-- RECORDS PROVIDED follows --

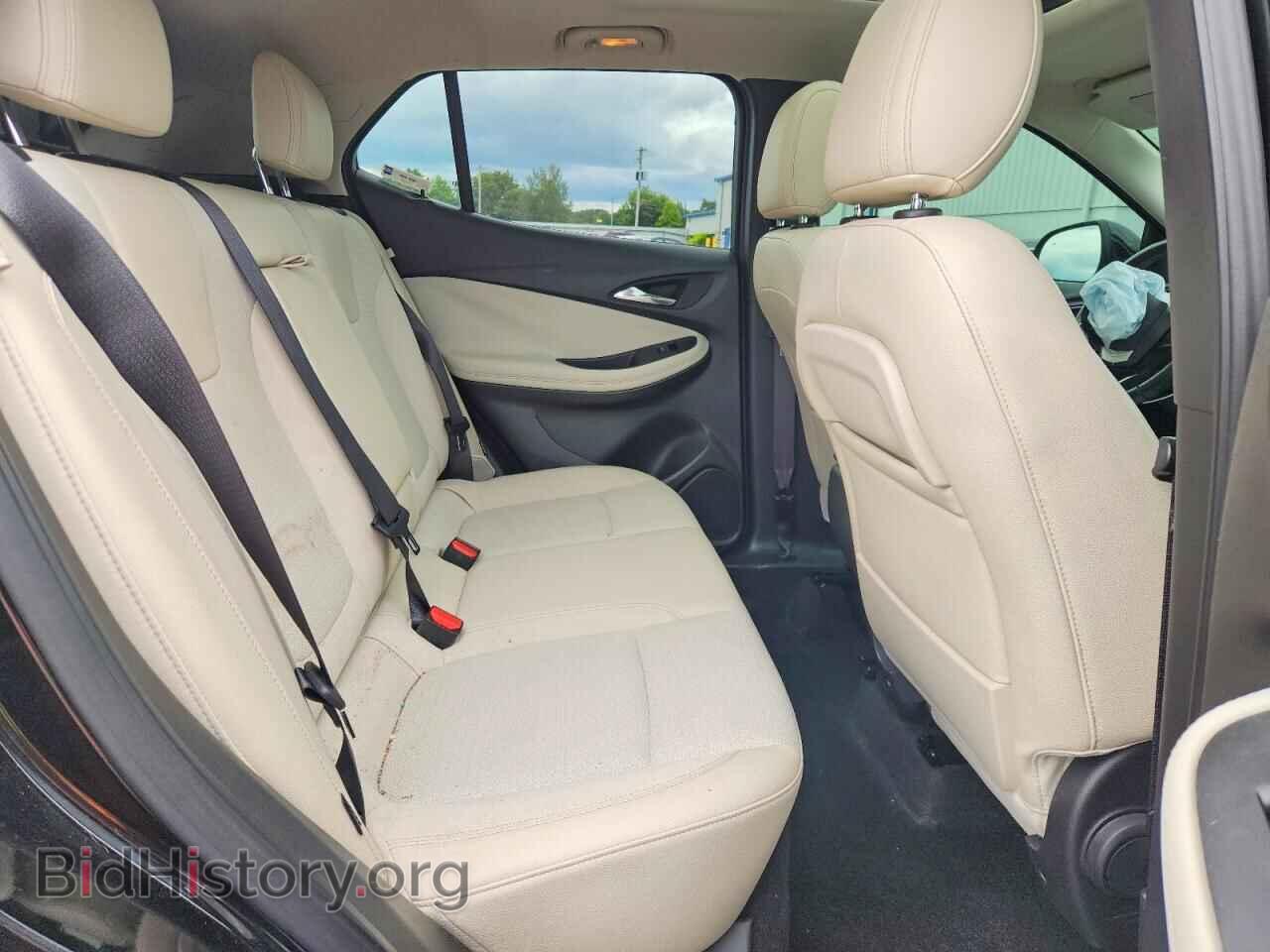2021 BUICK ENCORE - VIN: KL4MMDS20MB049795 - Photo 11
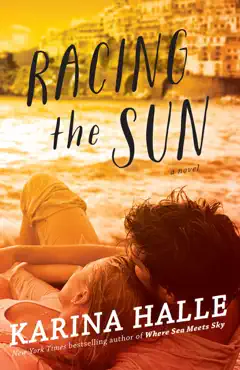 racing the sun book cover image
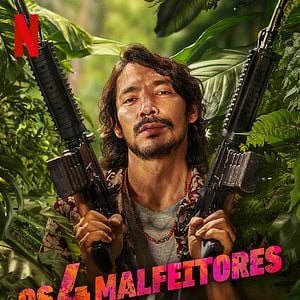 Foto Os 4 Malfeitores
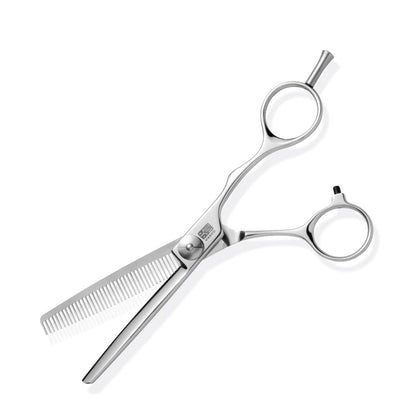 Kasho Design Master Series 6in 38 Teeth B Type Offset Texturiser Scissor
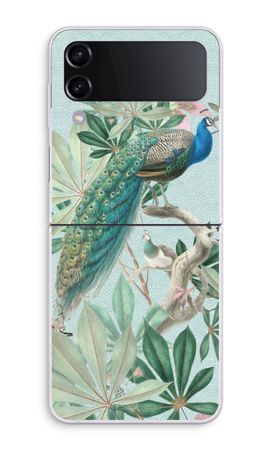 Paradise Garden Peacock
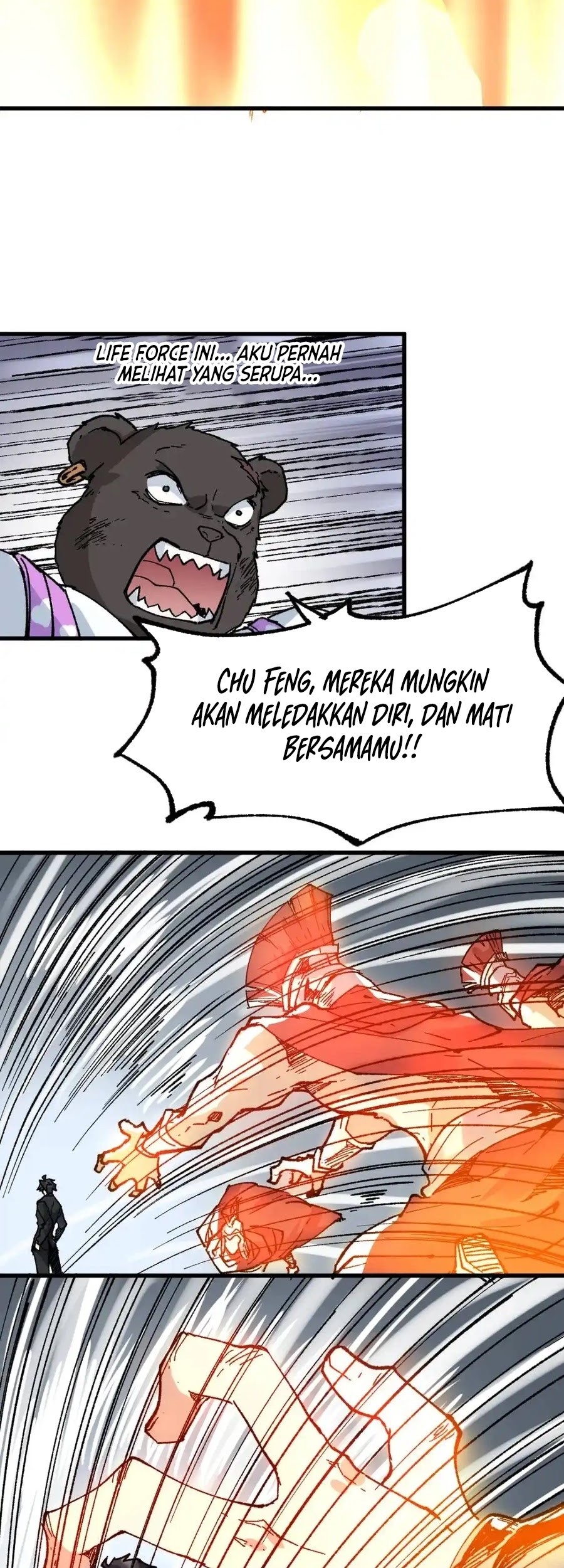 The Sacred Ruins Chapter 142 - halaman 16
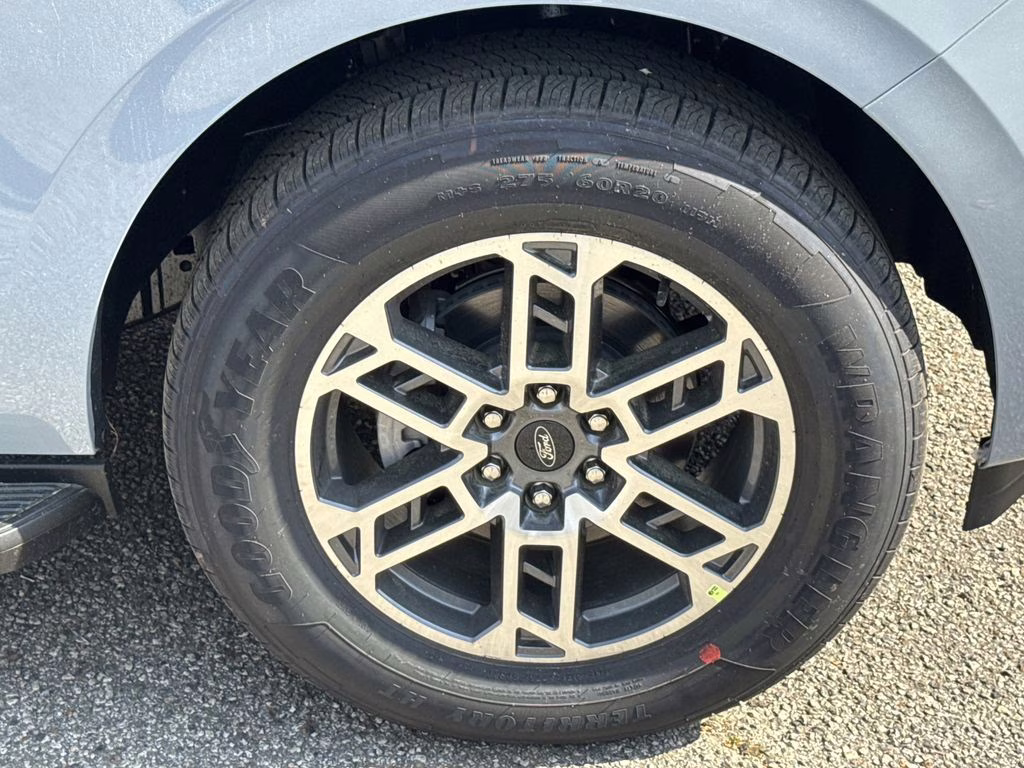 2026 Gray Metallic Ford Expedition Max Active RWD SUV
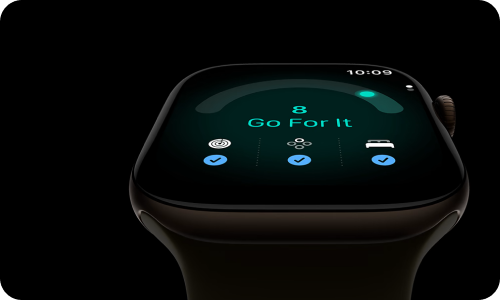 Новая система Health Sensing System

-- RECORDS PROVIDED concluded --

■ **TASK ITEM**
Repeat exactly the lines from the one containing "Kasho Design Master" to the last line of the records above, including both, and leave out any pictures.

■ **SOLUTION**
 Kasho Design Master Series 6in 38 Teeth B Type Offset Texturiser Scissor
 Paradise Garden Peacock
 The Sacred Ruins Chapter 142 - halaman 16
 2026 Gray Metallic Ford Expedition Max Active RWD SUV
 Новая система Health Sensing System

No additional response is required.